Milah’s Discovery (1)

Image of a woman looking in the mirror, her hand on her throat.

… feel… good,
… difference
… make it right

Snippets of the Michael Jackson lyrics drift towards her from the bedroom and nestle in her ears when Milah steps out of the bathroom onto the landing. She has a towel tightly wrapped around her and softly hums along with the music. When she closes the door quietly behind her, she catches a glimpse of herself in the mirrored closet. Normally she would ignore her reflection, but now she stops.


The mirrors have been there for some months now. It had been his suggestion: a wall to wall closet with mirrored sliding doors. The idea had scared her. Milah has never liked looking at her body.

Okay, that’s not really true.

There was a time when she, just like other teenage girls and young women, had seen a flat, unscarred tummy, strong legs and arms, firm breasts and bottom. But that belongs to another lifetime. Now, in the autumn of her life, Milah has a functional relationship with mirrors. They aid her in fixing her hair, applying her make-up, checking her hemline or shoes. She never takes in the full picture.

Now she does.

… the mirror
change ways…

Mirror, mirror on the wall…

She locks eyes with the mirrored version of her.

Hazel eyes. When was been the last time she noticed that? There’s a sparkle in her eyes, something she has almost forgotten about. Her long lashes frame the shape of her eyes, and the dark eyebrows follow a natural line. Milah allows those eyes to briefly take in the bright pink towel covering her hair before they follow the line down to the tip of her nose and down to her thin lips. How many times has she wished she had fuller lips? Silly, now flashes through here mind, they are perfect just the way they are.

The thought surprises Milah. Where has that come from?

… a better place
… look at yourself…

Is that it? Are the words in the song making her think of this. That’s not even what the song is about. Is the song really where this is coming from, this looking at herself? Or is it time; time she takes a good look at herself again.

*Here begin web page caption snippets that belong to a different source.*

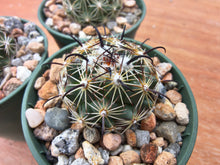 Coryphantha pallida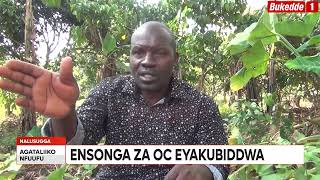 Agataliikonfuufu:  ENSONGA ZA OC EYAKUBIDDWA  ABOOLUGANDA BOOGEDDE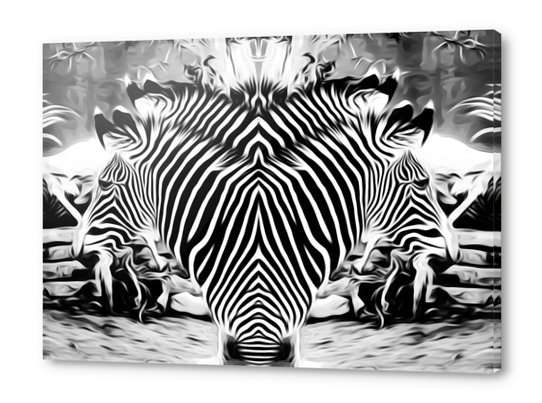 drawing and painting zebras in black and white Acrylic prints by Timmy333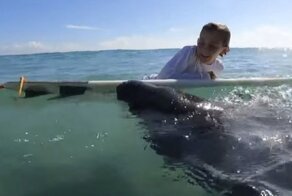 Игривый ламантин попытался украсть доску для серфинга у мальчика на пляже Флориды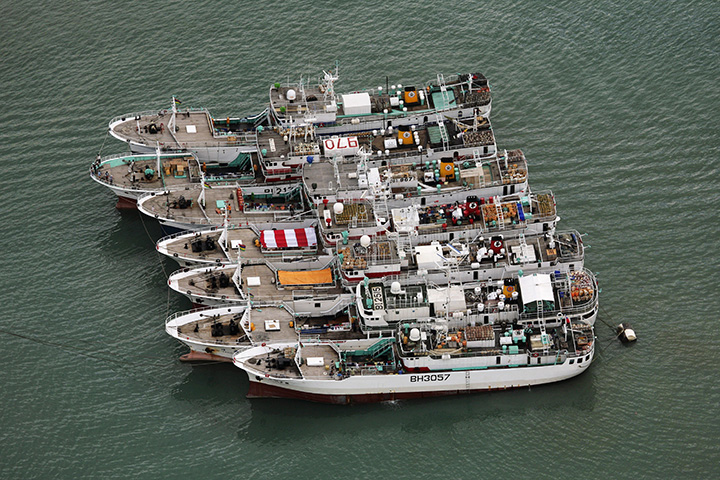 a series of boats float close together in the ocean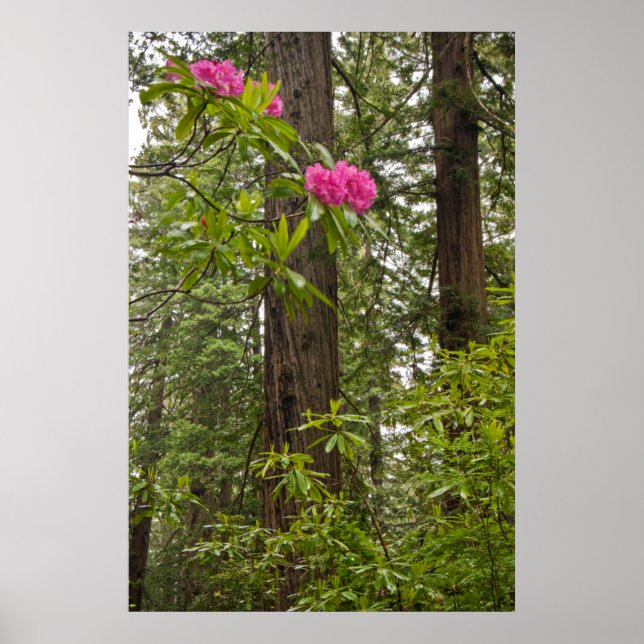 Póster Rododendros em flor com árvores de sequóia costeir (Frente)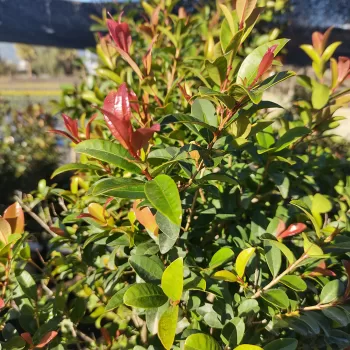 Myrceugenia Mirto Australiano - Vivero Multiplant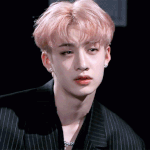 <b>타팬</b>이 보는 스트레이키즈 (조금 길어)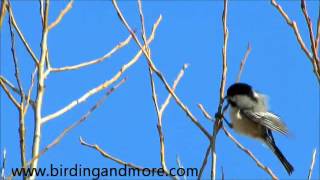 The twonote call of the male Blackcapped Chickadee [upl. by Nimsay]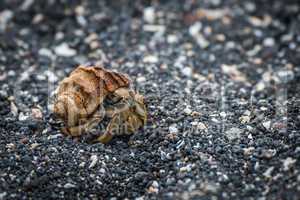 Semi-terrestrial hermit crab walking along shingle beach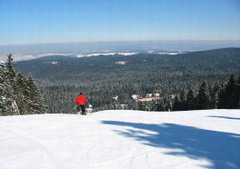 View from the ski runs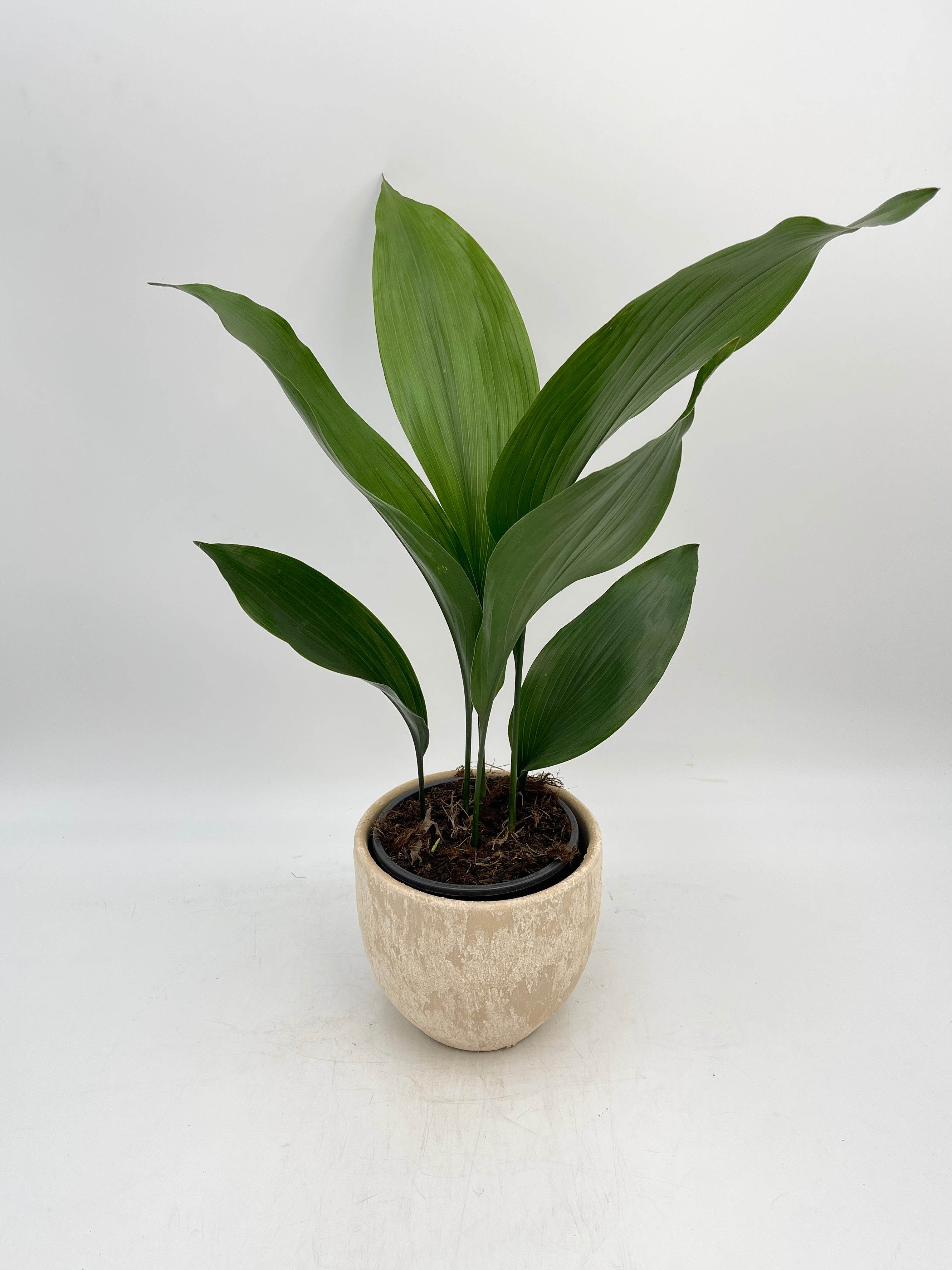 Cast Iron Plant, Aspidistra Elatior, 40-50 cm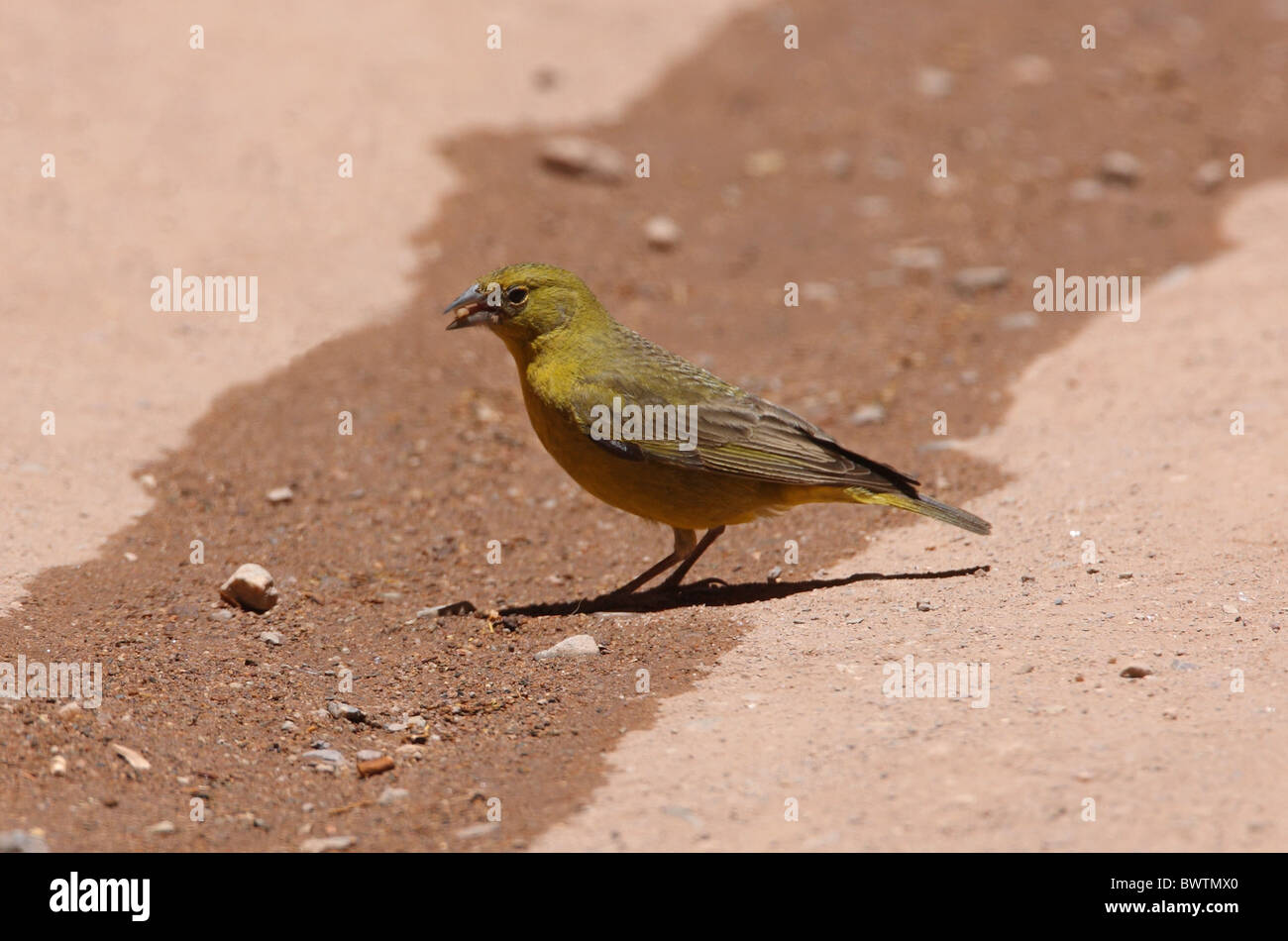 Jaune-verdâtre (Sicalis olivascens finch) mâle adulte, il se nourrit de graines renversé, Jujuy, Argentine, janvier Banque D'Images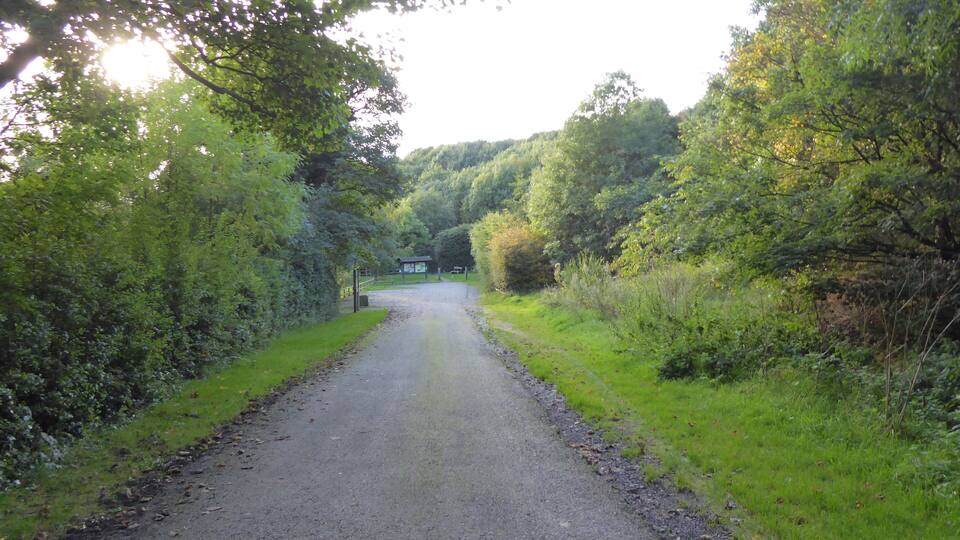 A gravel path flanked by dense green foliage, leading to a small building in the distance.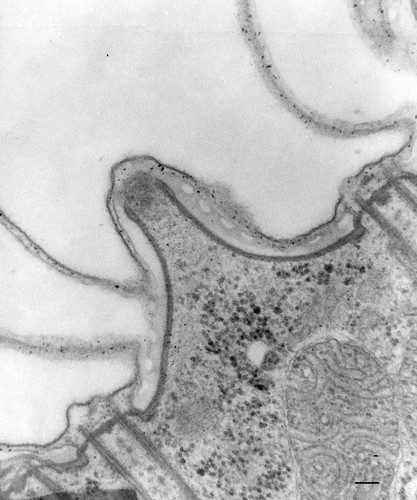 CIL:36761, Paramecium caudatum, cell by organism, eukaryotic cell, Eukaryotic Protist, Ciliated Protist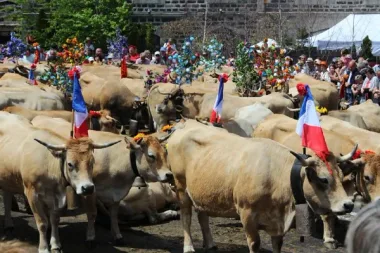 L’Aubrac en Transhumance, au village d’Aubrac (groupes)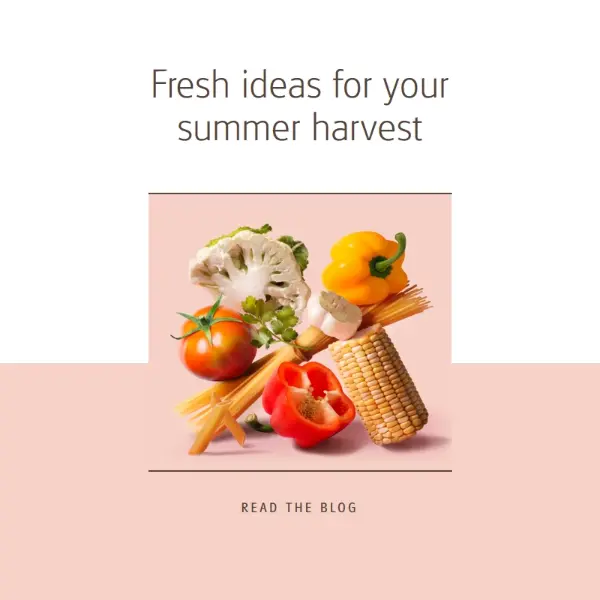 Summer harvest pink modern-simple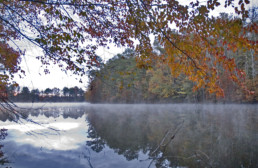 walking on water, image of tree-lined lake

She shoves the question to the back of her mind as her eyes take in the line of her shoulders. Lower your shoulders, Milah, says a voice in her head. She knows she has to. Stress of life has settled right there, and the only way she can carry the weight is to pull her shoulders up. Mila pushes them down, stretching the muscles in her neck, lightening the invisible load she has carried for too long. She slowly circles her head, her shoulders. Her mind and body seem to awaken from a long sleep. It’s as if space opens up in her brain — space to think. Just realizing that she could lighten her load by not worrying about things she can’t change has already made her shoulders softer.

You know… stop it,
… change!

Milah looks down the length of her body. Everything, except her feet, is covered in a big towel, matching the pink of the one on her head. Her feet. The feet that have been carrying her to this age. Feet that have stood firm on the face of this earth, despite all life has dealt her. Feet that anchor her; ground her. Feet that cannot wear the high heels she did in her youth, but that still look damn fine in lower, more sensible heels.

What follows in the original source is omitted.